One Eight Distilling has already produced a vodka and a white whiskey, and a gin is coming this June. But it won’t take years before the Ivy City distillery releases a brown liquor.
Founders Alexander “Sandy” Wood and Alex Laufer obtained 36 barrels of 9-year-old rye bourbon from the MGP (formerly Seagram) distillery in Indiana and have been aging some of it in 30-year-old Oloroso sherry casks from Spain for more than three months. They’ll release the sherry-finished bourbon, which is called Untitled No. 1, on May 16—the faux-holiday of World Whisky Day. The distillery will host tours and tastings plus food from Pepe, José Andrés’ food truck from 1 to 4 p.m.. Then from 5:30 to 7:30 p.m., the release festivities will continue at Derek Brown‘s sherry bar Mockingbird Hill and his whiskey bar Southern Efficiency with cocktails and flights featuring the spirit.

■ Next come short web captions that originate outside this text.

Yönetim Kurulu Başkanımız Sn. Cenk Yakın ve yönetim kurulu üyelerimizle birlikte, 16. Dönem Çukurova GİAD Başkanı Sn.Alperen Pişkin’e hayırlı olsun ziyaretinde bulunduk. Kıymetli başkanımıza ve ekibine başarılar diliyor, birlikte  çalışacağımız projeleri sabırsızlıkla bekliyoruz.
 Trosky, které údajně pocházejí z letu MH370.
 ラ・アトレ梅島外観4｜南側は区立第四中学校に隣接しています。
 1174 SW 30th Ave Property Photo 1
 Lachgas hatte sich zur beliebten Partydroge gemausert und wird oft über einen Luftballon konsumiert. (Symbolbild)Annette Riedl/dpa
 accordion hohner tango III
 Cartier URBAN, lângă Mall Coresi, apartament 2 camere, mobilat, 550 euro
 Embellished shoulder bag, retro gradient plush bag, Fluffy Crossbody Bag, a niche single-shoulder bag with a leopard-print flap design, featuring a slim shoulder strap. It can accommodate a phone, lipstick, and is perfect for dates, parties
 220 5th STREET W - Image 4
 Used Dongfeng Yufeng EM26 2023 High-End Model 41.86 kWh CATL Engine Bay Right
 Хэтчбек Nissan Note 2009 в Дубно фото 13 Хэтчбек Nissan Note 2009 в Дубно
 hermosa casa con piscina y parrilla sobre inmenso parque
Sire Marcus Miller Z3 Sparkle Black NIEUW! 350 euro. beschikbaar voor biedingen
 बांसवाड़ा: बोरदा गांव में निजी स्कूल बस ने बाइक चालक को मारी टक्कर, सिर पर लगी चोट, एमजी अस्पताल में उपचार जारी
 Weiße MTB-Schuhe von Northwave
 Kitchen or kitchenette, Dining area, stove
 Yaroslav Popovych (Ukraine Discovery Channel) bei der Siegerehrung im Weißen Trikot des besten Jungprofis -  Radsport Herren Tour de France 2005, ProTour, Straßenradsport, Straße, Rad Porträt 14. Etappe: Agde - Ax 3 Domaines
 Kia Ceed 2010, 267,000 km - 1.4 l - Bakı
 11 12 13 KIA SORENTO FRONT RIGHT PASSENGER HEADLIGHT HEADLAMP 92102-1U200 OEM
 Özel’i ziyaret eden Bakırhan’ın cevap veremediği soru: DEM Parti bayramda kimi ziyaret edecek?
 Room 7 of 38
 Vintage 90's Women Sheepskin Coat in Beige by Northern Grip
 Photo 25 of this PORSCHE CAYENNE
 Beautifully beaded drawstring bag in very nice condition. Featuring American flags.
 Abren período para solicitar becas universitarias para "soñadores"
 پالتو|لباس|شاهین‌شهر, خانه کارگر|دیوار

Untitled No. 1 is the first in a series of more experimental limited-edition spirits that the distillery will release every three to four months. Untitled No. 2 will be a Tennessee sour mash whiskey also aged in a sherry cask. One Eight sent some of its emptied bourbon barrels to DC Brau, which is using them to age its Penn Quarter Porter and Wings of Armageddon. The barrels will eventually come back to the distillery, so they can produce a beer-finished product. Wood and Laufer are also loaning some barrels to Vigilante Coffee to age coffee beans and will then use the them for a coffee-finished spirit.
“We’ll probably do it for quite a few years,” Wood says of the Untitled series. “It will just allow us to do experimental stuff on the side and not worry about building a brand around whatever it is.” If any of the experiments are especially successful, they could eventually end up as part of One Eight’s permanent repertoire.
In the meantime, One Eight will sell Untitled No. 1 at the distillery. Anywhere from 60 to 120 standard 750-mL bottles will be available for $70, and at least 500 smaller flask-sized bottles will cost $22. You’ll also be able to find the product at Mockingbird Hill and Southern Efficiency until the supply runs out.